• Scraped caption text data
-------------------------

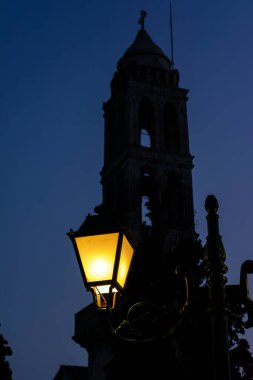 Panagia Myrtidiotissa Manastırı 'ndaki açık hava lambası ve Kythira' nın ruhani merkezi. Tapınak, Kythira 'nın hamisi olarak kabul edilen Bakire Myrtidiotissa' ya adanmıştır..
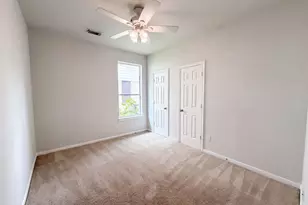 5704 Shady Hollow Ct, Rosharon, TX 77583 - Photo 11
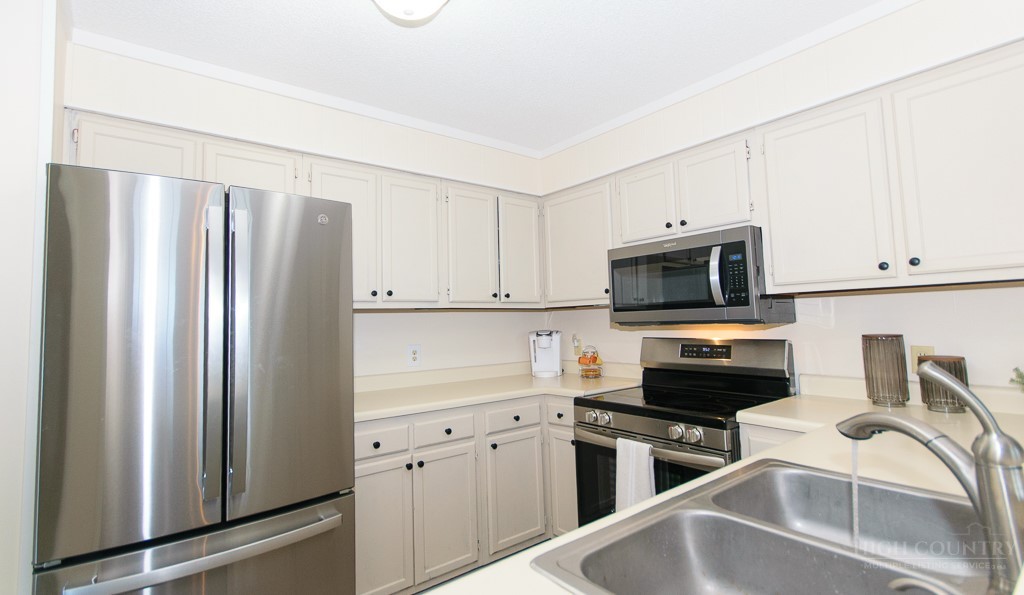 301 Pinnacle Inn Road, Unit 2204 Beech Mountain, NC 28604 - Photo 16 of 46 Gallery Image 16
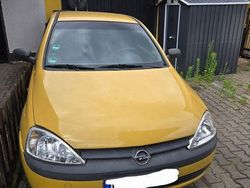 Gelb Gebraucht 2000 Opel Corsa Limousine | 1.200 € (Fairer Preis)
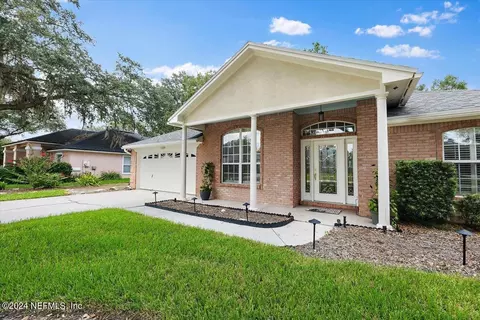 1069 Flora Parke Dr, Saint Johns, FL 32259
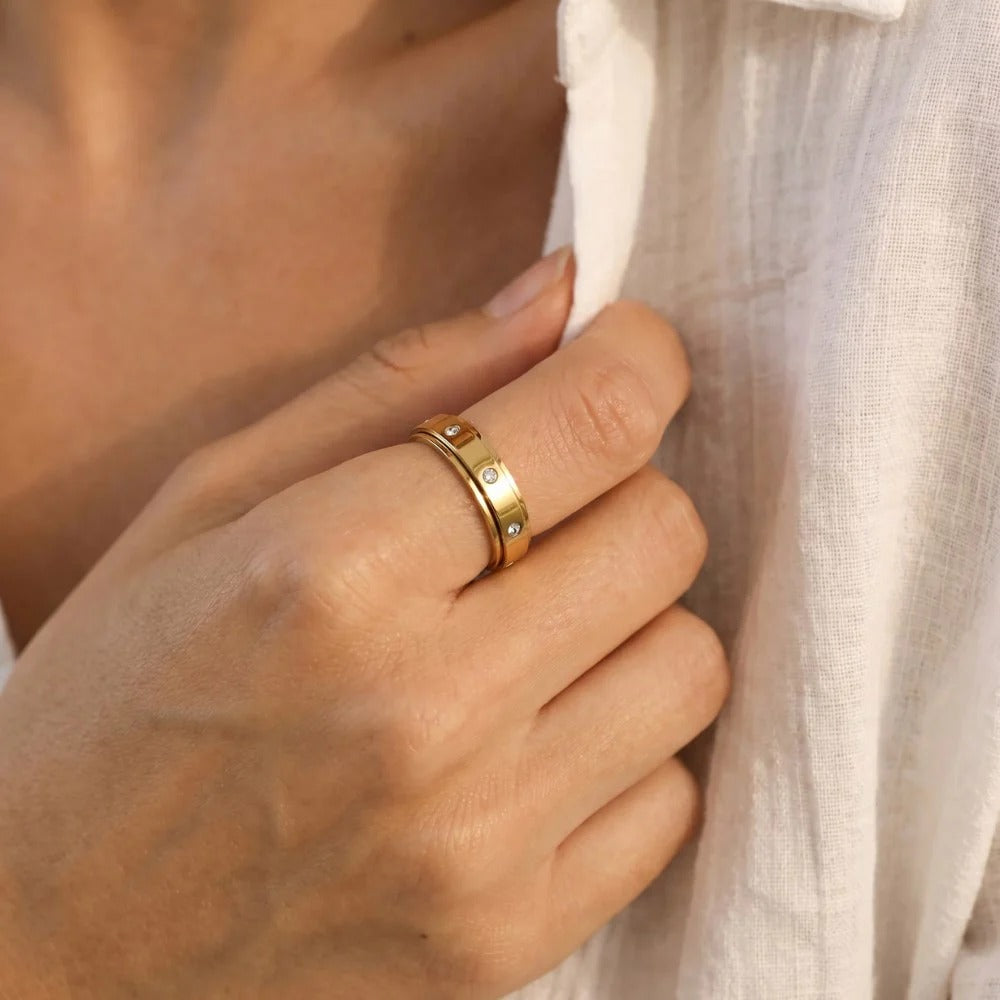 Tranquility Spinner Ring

-------------------------

• PROBLEM TO WORK ON
Give back every entry in full, exactly as written, with no picture included.

• ANSWER BELOW
 Panagia Myrtidiotissa Manastırı 'ndaki açık hava lambası ve Kythira' nın ruhani merkezi. Tapınak, Kythira 'nın hamisi olarak kabul edilen Bakire Myrtidiotissa' ya adanmıştır..
 5704 Shady Hollow Ct, Rosharon, TX 77583 - Photo 11
 301 Pinnacle Inn Road, Unit 2204 Beech Mountain, NC 28604 - Photo 16 of 46 Gallery Image 16
 Gelb Gebraucht 2000 Opel Corsa Limousine | 1.200 € (Fairer Preis)
 1069 Flora Parke Dr, Saint Johns, FL 32259
 Tranquility Spinner Ring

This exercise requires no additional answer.